The geopolitical shift follows the midweek strikes on Iran’s South Pars gas field, which triggered retaliatory attacks on LNG and oil hubs in Qatar and the UAE. Energy consultancy CITAC warns that Eastern and Southern Africa are particularly exposed to these disruptions. While South African authorities insist they have sufficient reserves for the coming weeks, the government has confirmed it is “actively coordinating” to diversify its sources. For these nations, the Nigerian refinery represents the only nearby alternative capable of meeting industrial-scale demand.

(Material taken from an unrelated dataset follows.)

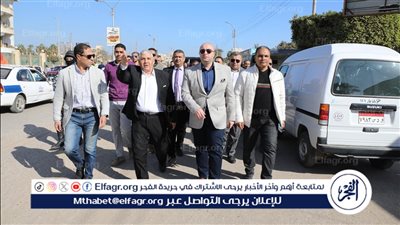 يصل للصحراي الغربي.. وكيل النقل ببني سويف يعلن بدء رصف طريق 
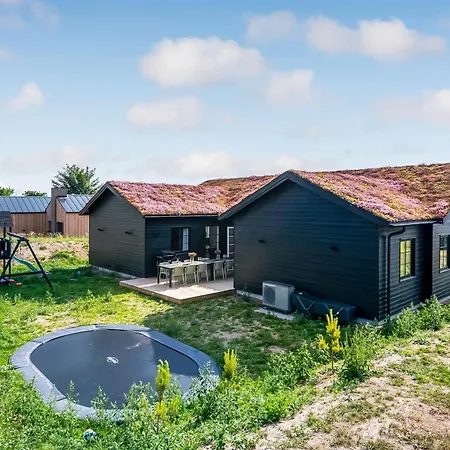 Prázdninový dům Adia - 650m From The Sea By Interhome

Aliko Dangote, President of the Dangote Group, told The Economist that “availability, rather than pricing,” is now the primary concern for global buyers. He noted that the current supply instability is likely to persist for the foreseeable future. Despite the high interest from abroad, the refinery’s priority remains the Nigerian market. Currently, 75% of its output is reserved for domestic consumption, leaving only a quarter of its production available for export to the rest of the continent.
The surge in demand highlights a chronic vulnerability in Africa’s energy security. Decades of declining refining capacity across the continent have left most nations entirely dependent on external shocks. As the Middle East “energy bridge” buckles, the reliance on a single private Nigerian entity underscores the lack of regional alternatives. Ghana and Kenya are reportedly exploring similar long-term arrangements to bypass the volatile spot markets.

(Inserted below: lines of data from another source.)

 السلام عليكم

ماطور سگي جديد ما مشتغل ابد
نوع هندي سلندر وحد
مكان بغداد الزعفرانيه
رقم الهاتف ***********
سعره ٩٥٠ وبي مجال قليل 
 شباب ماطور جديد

The Dangote refinery’s 700,000-barrel-per-day target has effectively positioned Nigeria as the “refiner of last resort” for the region. This newfound leverage provides Abuja with significant diplomatic capital at a time when global oil prices have breached $114 per barrel. However, the refinery itself faces internal pressures, including the 48-hour ultimatum from Nigerian lawmakers to resolve its own crude supply bottlenecks. If domestic feedstock issues are not cleared, the refinery’s ability to export to its neighbours will be severely compromised.

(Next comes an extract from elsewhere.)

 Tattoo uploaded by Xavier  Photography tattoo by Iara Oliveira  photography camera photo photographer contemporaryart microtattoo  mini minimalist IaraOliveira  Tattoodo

Africa’s energy landscape is being redrawn by the fire in the Middle East. The scramble for Dangote’s fuel suggests that proximity is becoming more valuable than traditional trade alliances. For South Africa and its peers, the goal is simple: secure enough petrol and diesel to keep the lights on and the trucks moving. Whether the Lagos plant can satisfy both a hungry domestic market and a desperate continent remains the ultimate test of its industrial might.